I want to answer questions like, “Does it help to have more sets $\{T_{u,v}:v\in V(u)\}$?” and “Does it make things easier if the trees $T_{u,v}$ are bigger?”

For property 1, since we require it to hold for every set $\{T_{u,v}:v\in V(u)\}$, it is easier if there are fewer such sets. Also, if we add more trees $T_{u,v}$ to one of those sets, it makes the premise harder to satisfy, and therefore makes the conclusion more likely to hold. This again is helpful for property I.

The monotonicity with respect to the trees $T_{u,v}$ themselves is a subtler matter. (In fact, I wrote an earlier draft of this post where the subtlety escaped me. I’ve decided in this instance that it is too much to expect someone to read through a whole lot of mistaken text before I come clean and admit that it is mistaken. So what you are getting here is not my actual thought processes but a later tidying up. But had I been more careful in the first place, then these might have been my thought processes I suppose.) The question we are asking is this. For a fixed set $R_u$, what makes it easier for $R_u\cap T_{u,v}$ to contain a I-subtree of $T_{u,v}$ and what makes it harder? Basically, it is easier if Player I has more moves available but harder if Player II has more moves available.

That observation motivates the definition of two orderings on trees. Let’s write $T_1\subset_IT_2$ if $T_1$ is a subtree of $T_2$ with the following property: given any path in $T_2$, if it ever leaves $T_1$, then the first point at which it does so is at an odd distance from the root — that is, it offers Player I a move in $T_2$ that she does not have in $T_1$. Similarly, $T_1\subset_{II}T_2$ if the same is true but with “odd” replaced by “even” (or Player I replaced by Player II). I’ll call $T_2$ I/II-larger than $T_1$ if $T_1\subset_1T_2/T_1\subset_{II}T_2$.

For property 1 to be more likely to hold, we want the premise to be less likely to hold, so we want $R_u\cap T_{u,v}$ to be less likely to contain a I-subtree of $T_{u,v}$. Therefore, we prefer $T_{u,v}$ to be I-smaller and II-bigger.

Now let us turn attention to property 2. This time it is helpful if there are more sets $\{T_{u,v}:v\in V(u)\}$. It is also helpful if there the sets $\{T_{u,v}:v\in V(u)\}$ are smaller, since that makes it harder to create a counterexample to property 2. And it is also helpful if II-subtrees $S_u\subset T_{u,v(u)}\}$ are harder to come by, for which we prefer the trees $T_{u,v}$ to be II-smaller and I-bigger.

In every case, the monotonicity goes in opposite directions for properties 1 and 2. This is reassuring, since otherwise there would probably be some “collapse” where we would say something like, “Without loss of generality all the $T_{u,v}$ are equal to $T$,” and end up with a trivial definition.

#### Why do we need the lemma that closed sets can be lifted? (Section added later.)

Since putting up this post earlier today I have had the following thought.
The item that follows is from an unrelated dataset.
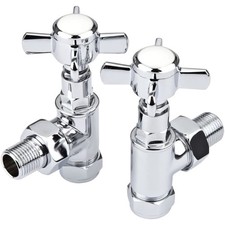 TRADITIONAL ANGLED TOWEL RAIL RADIATOR VALVES TAPS 15mm SOLID BRASS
Every open set is a countable union of basic open sets, and every basic open set is also closed. Since basic open sets are clopen, they can trivially be lifted — to themselves. So why not start the “induction” at the basic open sets, and thereby avoid the need for the fairly complicated lemma that tells us that closed sets can be lifted to clopen sets?

It took me a while to realize the answer to this. It comes in the innocuous-looking final step of the argument for dealing with countable intersections. Recall that the technique was to find a simultaneous lifting (or rather $k$-lifting) of all the sets to be intersected, so that they all become clopen. Then we argue that their intersection is at least closed, so it too can be lifted, by the complicated lemma. And that gives us our lift for the original intersection.

So the complicated lemma about lifting closed sets is essential at the point where we argue that an intersection of the clopen sets coming from the simultaneous lifting can be lifted.

I find this a useful point to highlight, since it shows that the lemma (lifting closed sets) is not just there to deal with the base case — it is driving the inductive step as well. So one can view the proof as a multiple (indeed, transfinitely multiple) application of that lemma.